Nella battaglia per il business della
ristorazione autostradale scende in campo il tortellino. Chi si fermerà in uno dei nuovi punti di ristoro Fini Grill lungo le autostrade o nei centri commerciali potrà gustare i veri tortellini di pasta fresca della tradizione emiliana, mantecati al momento. Il tutto in un ambiente hi-tech.
Alla
Finifast, società partecipata al 50 per cento dalla famiglia Fini e al 50 per cento dall’Eni, credono molto nel binomio «cibo di alta qualità e architettura» per rendere più gradevole la pausa durante un viaggio o lo shopping. Del resto, è grazie a questo nuovo modo di concepire il punto di ristoro che la Finifast ha ottenuto dalla Autostrade per l’Italia (gruppo Benetton) la concessione per gestire sette nuovi locali e ha rinnovato gli accordi per i ristoranti esistenti.

La strategia di espansione è stata elaborata insieme alla Marketvalue, uno dei più importanti studi francesi specializzato in «brand design» e architettura. Sulla scommessa la società ha deciso di puntare 30 milioni di euro per riallestire i 17 punti già aperti e per costruire da zero sette nuovi ristoranti in autostrada. «Contiamo di raddoppiare il nostro fatturato nei prossimi tre anni» prevede Vittorio Fini, amministratore delegato della Finifast. «Vogliamo passare dai 60 milioni di euro previsti per il 2004 ai 75 milioni del prossimo anno fino ad arrivare a 120 circa nel 2006».

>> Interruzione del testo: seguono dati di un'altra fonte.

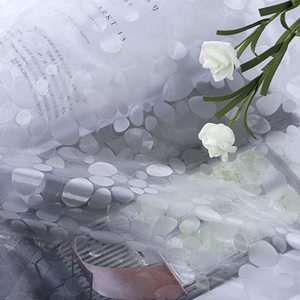 Wholesale <strong>Cheap</strong> Waterproof Mouldproof Cobblestone Patten Vinyl <strong>Shower</strong> <strong>Curtain</strong> with Metal Eyelets 72 X 75 in - Product Image 5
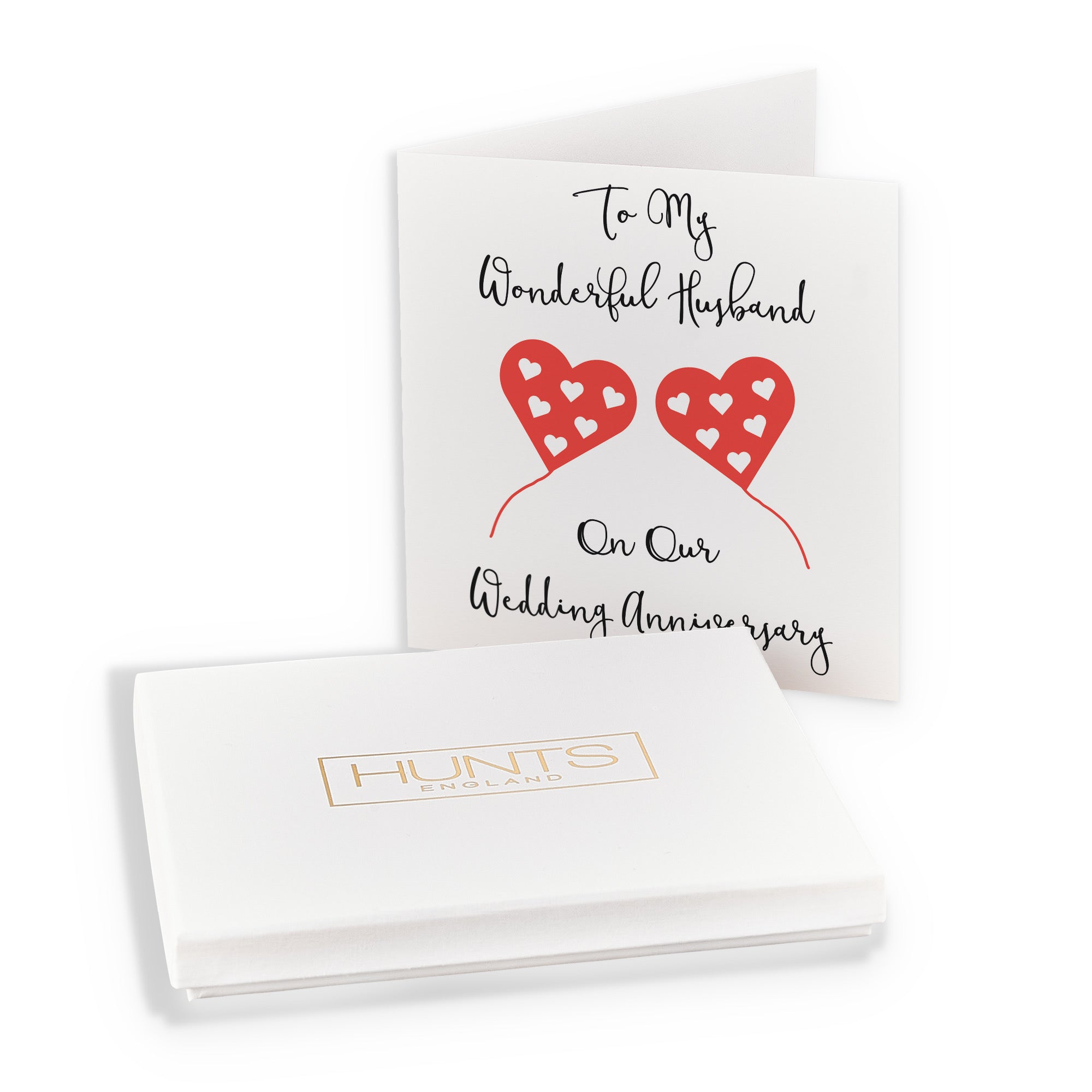 Boxed Husband Anniversary Card Love Heart - Default Title (B0D54D5XMG)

Modello della nuova filosofia, alla quale saranno ispirati tutti i punti di ristoro Finifast, è quello appena inaugurato presso l’outlet di Castel Guelfo, a pochi chilometri da Bologna. «Abbiamo puntato molto sulla luce, le forme e materiali come l’acciaio per ridisegnare i locali Fini» spiega Alain de Mareilhac, presidente dello studio Marketvalue, che si è ispirato alle curve di un tortellino per progettare le isole di distribuzione dei piatti di gastronomia e le aree destinate a sala da pranzo. Precisa de Mareilhac: «Il cliente avrà la sensazione di muoversi in un ambiente stile museo Guggenheim».

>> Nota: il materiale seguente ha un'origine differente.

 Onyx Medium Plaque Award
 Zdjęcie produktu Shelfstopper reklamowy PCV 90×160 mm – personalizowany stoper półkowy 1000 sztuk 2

Forme a parte, che nella sostanza il tortellino sia un punto chiave dei ristoranti Finifast lo dimostrano le cifre: nel 2003 ne sono stati serviti oltre 200 mila porzioni, numero destinato a raddoppiare nei prossimi due anni. «I piatti vengono cucinati dai nostri cuochi davanti al cliente che assiste alla lavorazione» spiega Fini. «Tutti i locali e le materie prime vengono monitorati da agenti che effettuano costanti e severi controlli qualità». Accanto ai primi e ai secondi nei nuovi punti ristoro ci saranno aree destinate a chi ha più fretta. «Puntiamo sulla pizza al trancio, ma anche su quelli che noi chiamiamo panini ricchi» aggiunge Fini. Un modello di ristorazione che la Finifast sta pensando di esportare anche all’estero.

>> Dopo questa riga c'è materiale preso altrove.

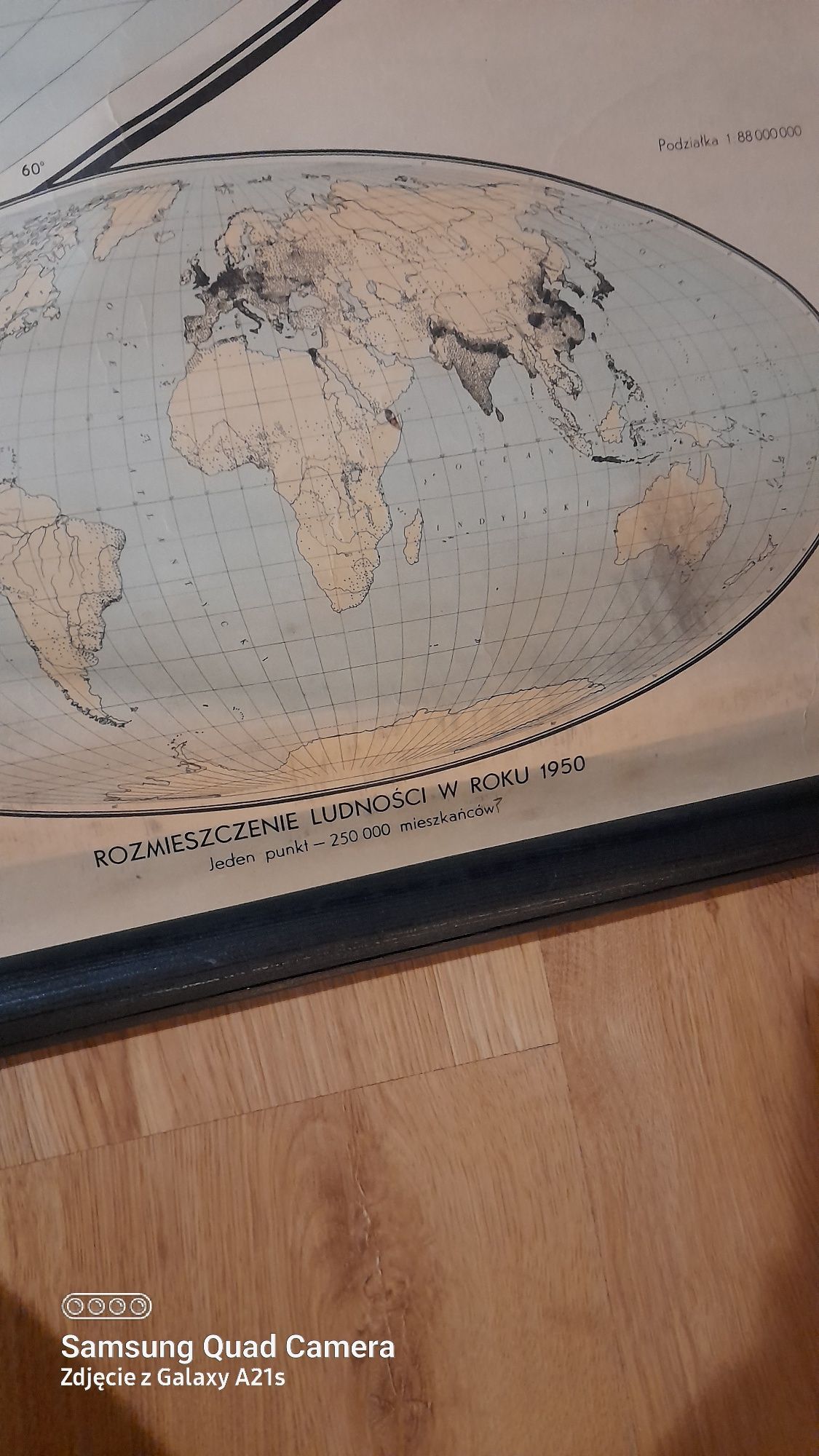 Stara mapa świat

Le idee di Fini, che con la sua famiglia gestisce da generazioni un famoso ristorante a Modena, non si fermano qui. Sono infatti in cantiere l’inaugurazione di un hotel a 5 stelle con 25 suite nel centro di Modena e l’apertura a Milano o a Roma di un ristorante per gourmet simile allo storico Fini modenese.



30 MILIONI DI INVESTIMENTI

Entro il 2006 previsti 24 ristoranti

La Finifast, controllata al 50 per cento dalla famiglia Fini e al 50 per cento dall’Eni, ha 650 dipendenti e gestisce 11 locali sulla rete autostradale e 6 all’interno di centri commerciali.

Nei prossimi 2 anni sono previsti in vestimenti di 30 milioni di euro tra restyling e nuove aperture: i dipendenti saliranno a mille e i locali a 24.

Nel 2003 i Grill della Finifast hanno ospitato 14 milioni di clienti, servito oltre 200 mila porzioni di tortellini e 4 milioni di caffè.